Exercise input: Begin

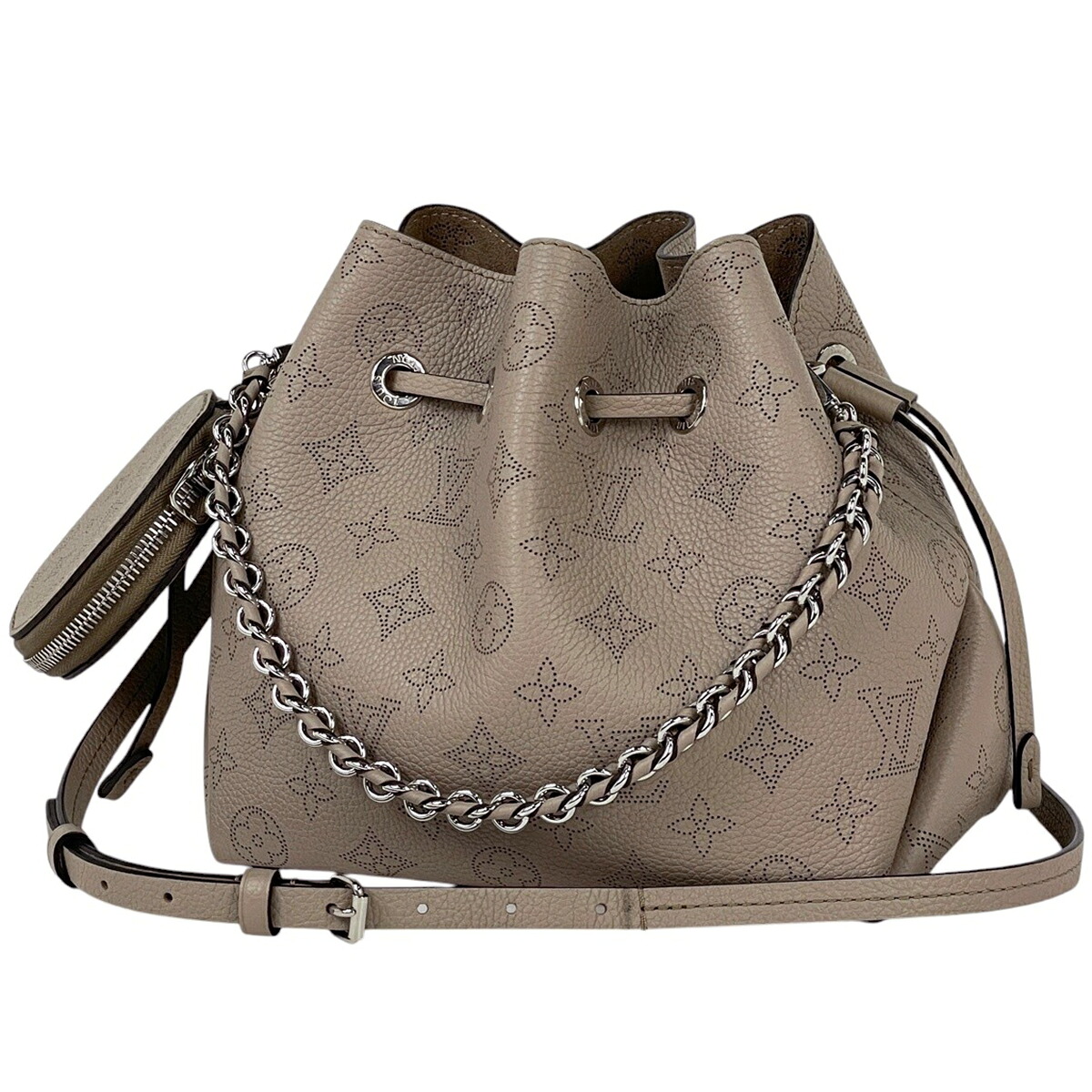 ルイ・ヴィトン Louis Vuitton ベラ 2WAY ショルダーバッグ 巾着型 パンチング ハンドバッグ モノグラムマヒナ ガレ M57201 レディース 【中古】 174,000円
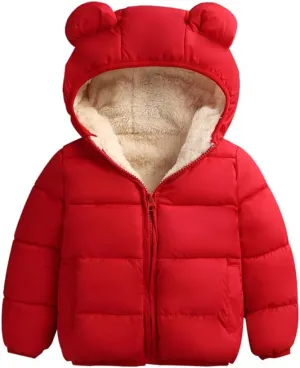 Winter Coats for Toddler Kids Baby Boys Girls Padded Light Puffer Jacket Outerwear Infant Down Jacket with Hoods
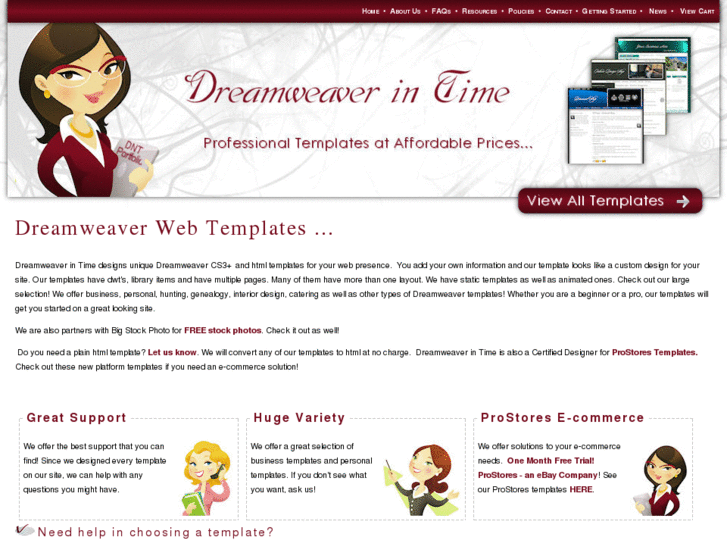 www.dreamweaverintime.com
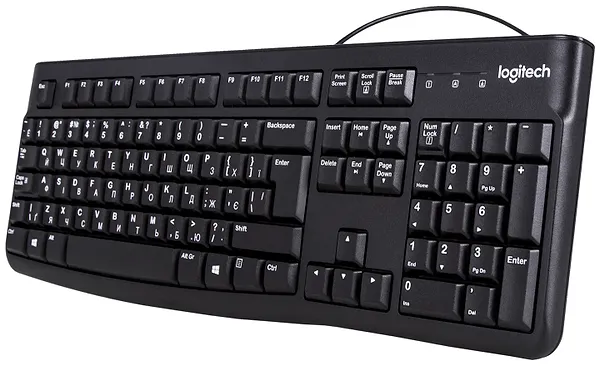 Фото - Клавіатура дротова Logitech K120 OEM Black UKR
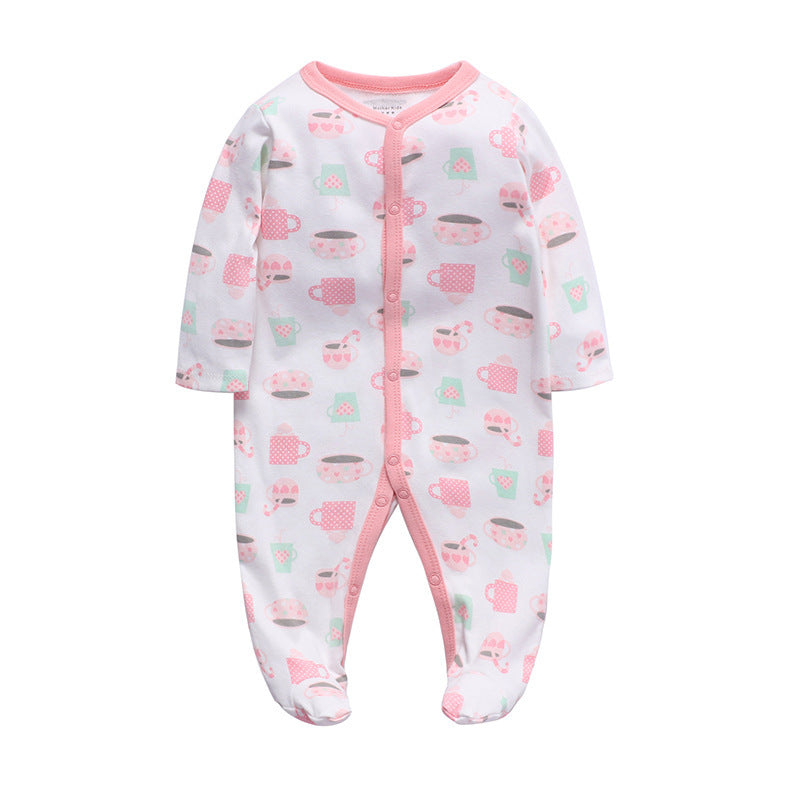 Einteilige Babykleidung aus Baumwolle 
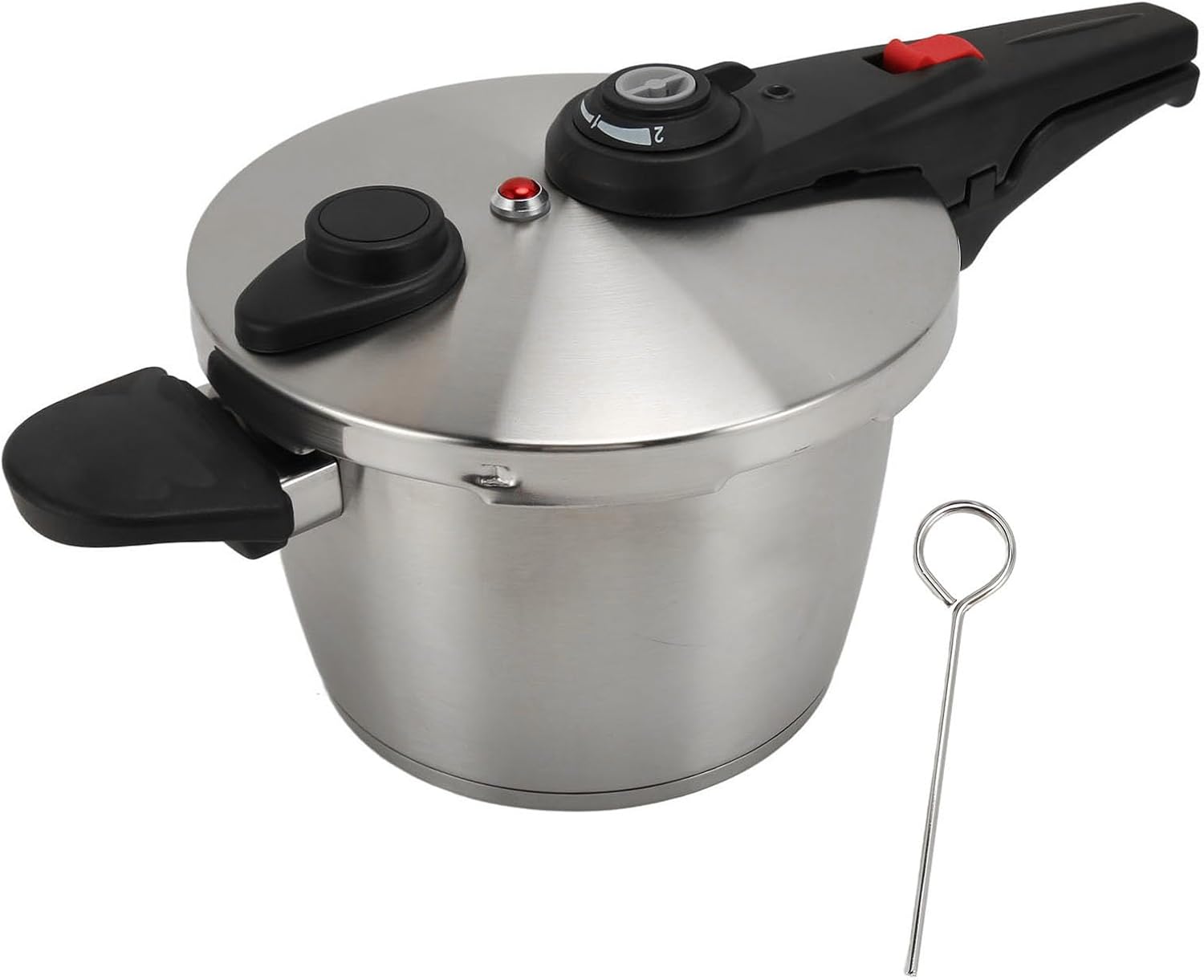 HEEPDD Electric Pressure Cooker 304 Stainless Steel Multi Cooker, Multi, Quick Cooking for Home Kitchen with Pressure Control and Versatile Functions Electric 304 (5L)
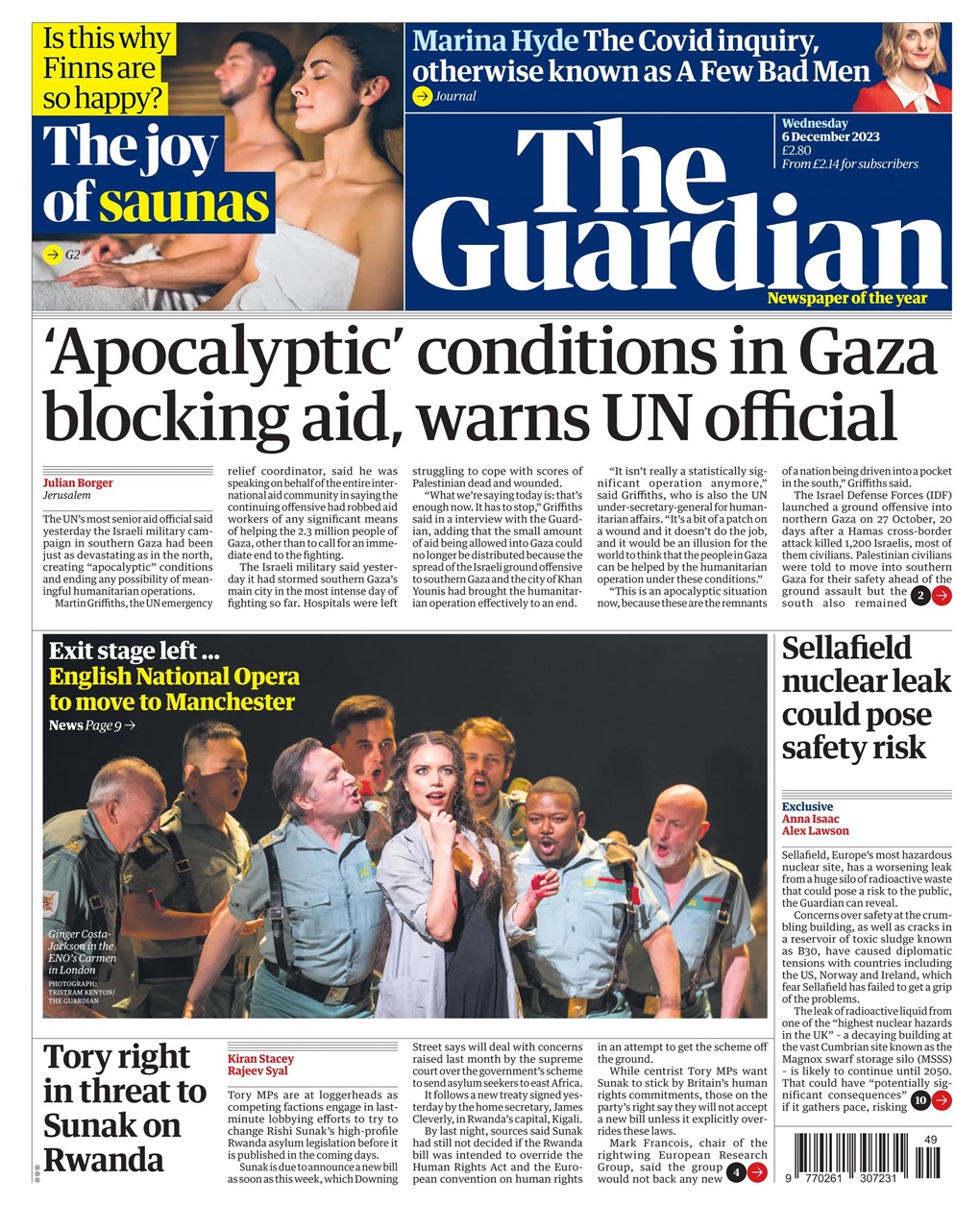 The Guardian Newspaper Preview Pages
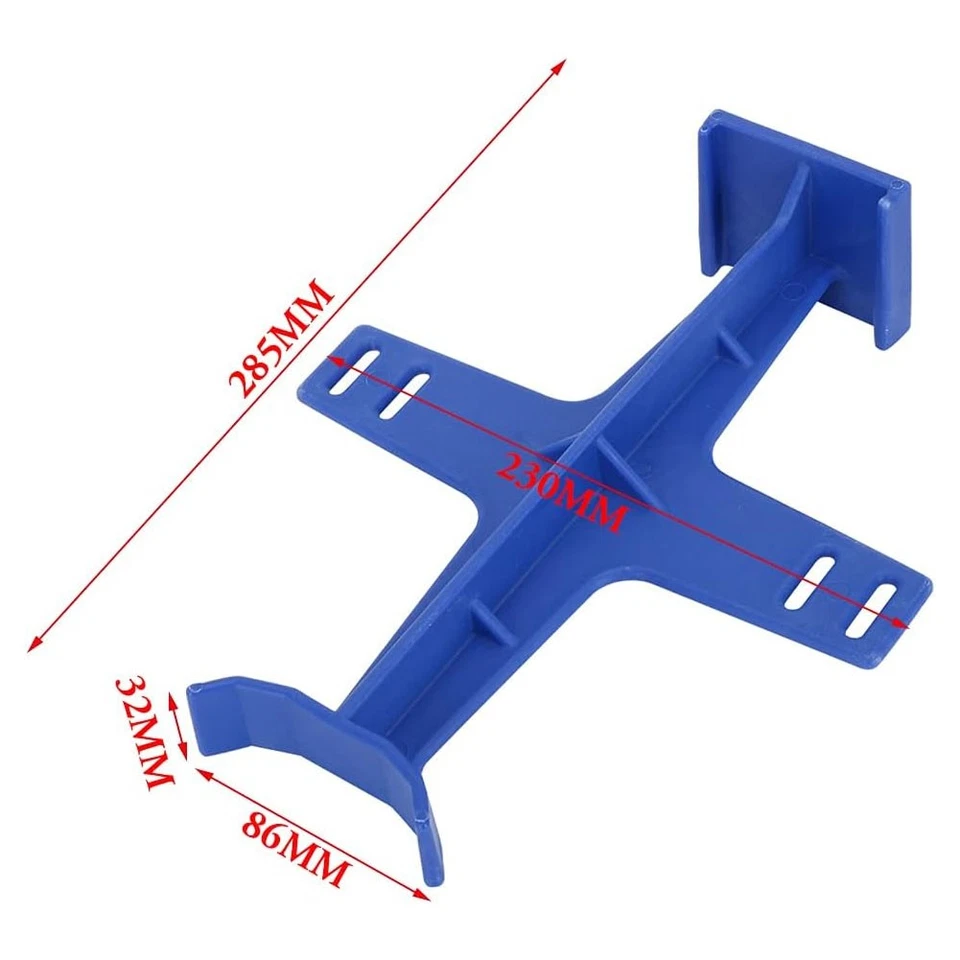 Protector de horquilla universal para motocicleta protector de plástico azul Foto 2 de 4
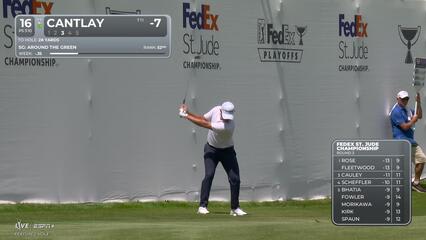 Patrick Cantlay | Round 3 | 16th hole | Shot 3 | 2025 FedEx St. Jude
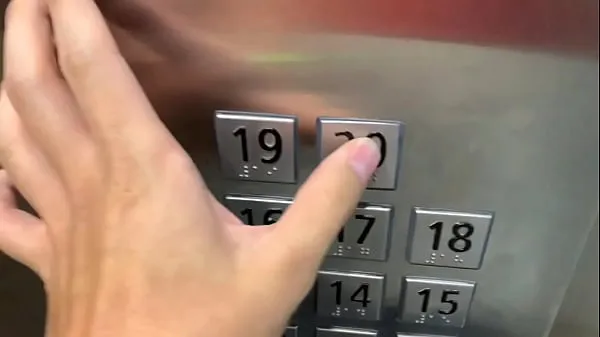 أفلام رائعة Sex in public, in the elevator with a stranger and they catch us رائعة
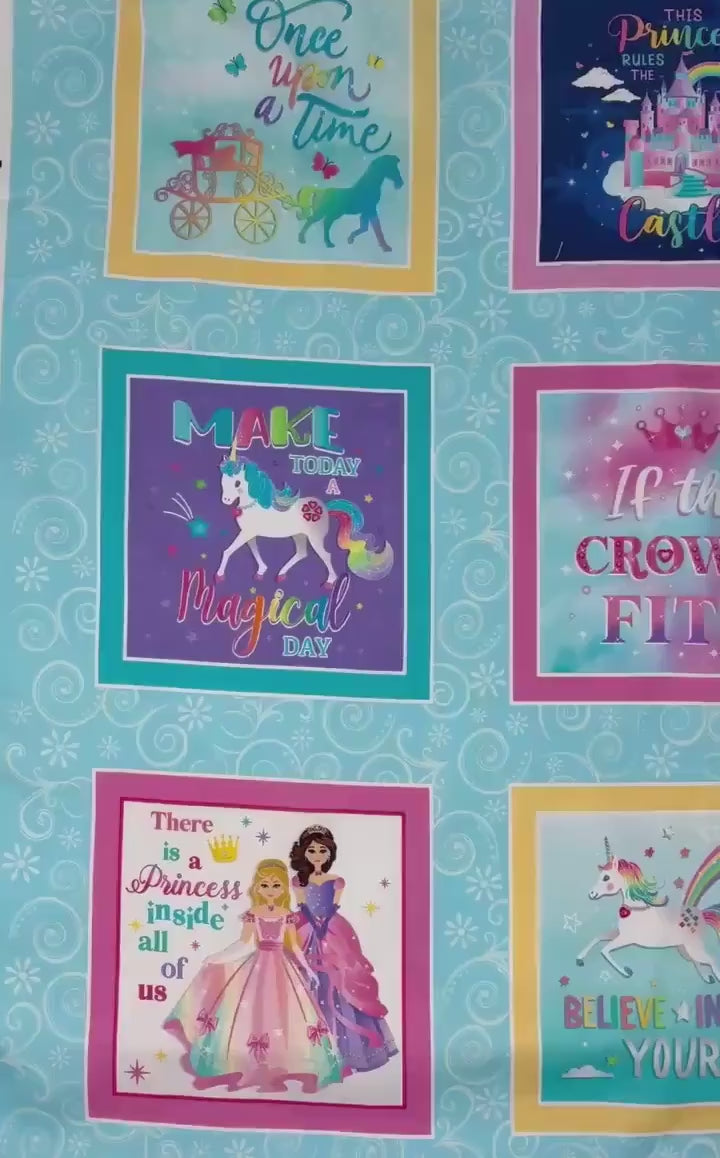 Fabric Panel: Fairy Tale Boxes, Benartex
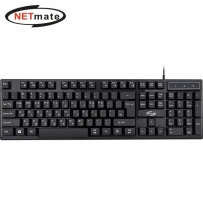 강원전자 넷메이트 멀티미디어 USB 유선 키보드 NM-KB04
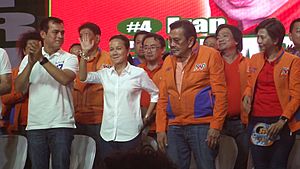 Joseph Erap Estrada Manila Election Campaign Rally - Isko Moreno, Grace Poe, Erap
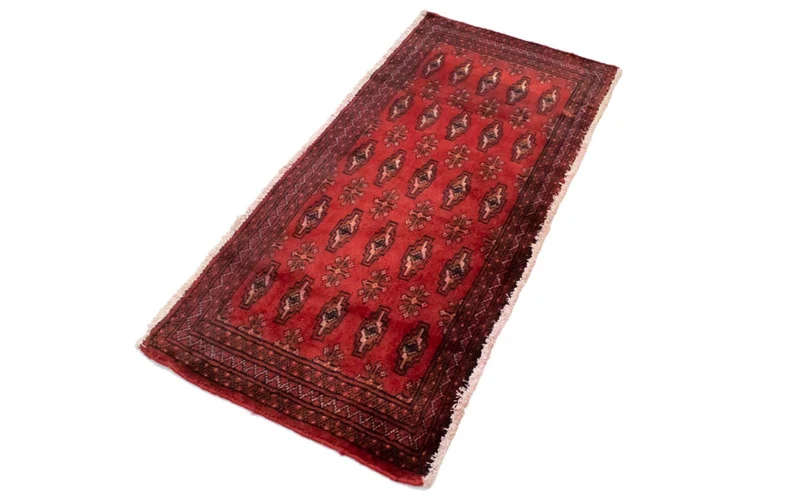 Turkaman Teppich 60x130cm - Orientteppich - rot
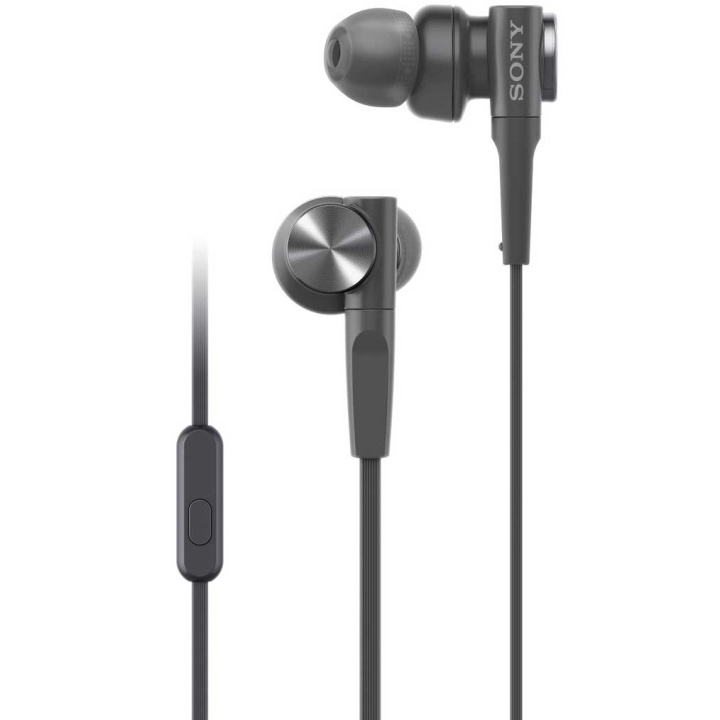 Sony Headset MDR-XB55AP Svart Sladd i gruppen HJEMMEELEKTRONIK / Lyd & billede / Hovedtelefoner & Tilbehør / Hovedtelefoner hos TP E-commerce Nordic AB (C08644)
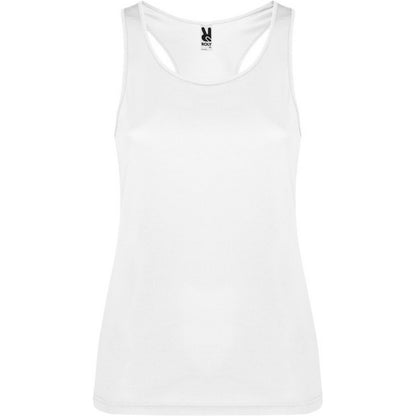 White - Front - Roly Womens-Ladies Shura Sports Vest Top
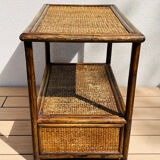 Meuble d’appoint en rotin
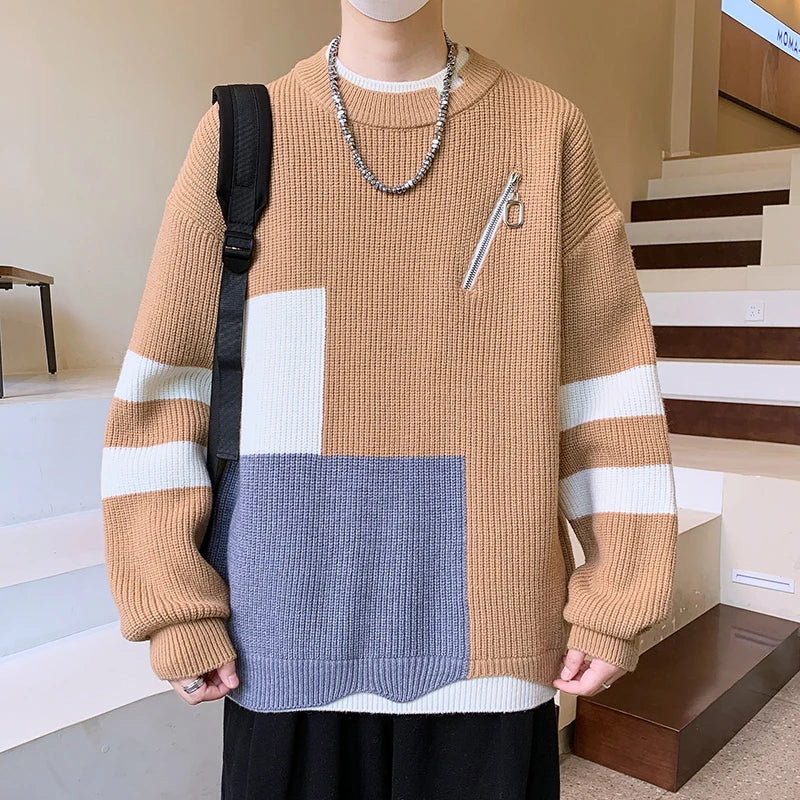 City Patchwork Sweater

Exercise input: End

§ Work request: Copy out exactly the lines between the line containing "Protector de horquilla" and the end of the entries, including both, and leave the pictures behind.

§ Result:
 Protector de horquilla universal para motocicleta protector de plástico azul Foto 2 de 4
 Patrick Cantlay | Round 3 | 16th hole | Shot 3 | 2025 FedEx St. Jude
 أفلام رائعة Sex in public, in the elevator with a stranger and they catch us رائعة
 Fabric Panel: Fairy Tale Boxes, Benartex
 강원전자 넷메이트 멀티미디어 USB 유선 키보드 NM-KB04
 Joseph Erap Estrada Manila Election Campaign Rally - Isko Moreno, Grace Poe, Erap
 Turkaman Teppich 60x130cm - Orientteppich - rot
 Sony Headset MDR-XB55AP Svart Sladd i gruppen HJEMMEELEKTRONIK / Lyd & billede / Hovedtelefoner & Tilbehør / Hovedtelefoner hos TP E-commerce Nordic AB (C08644)
 White - Front - Roly Womens-Ladies Shura Sports Vest Top
 Meuble d’appoint en rotin
 City Patchwork Sweater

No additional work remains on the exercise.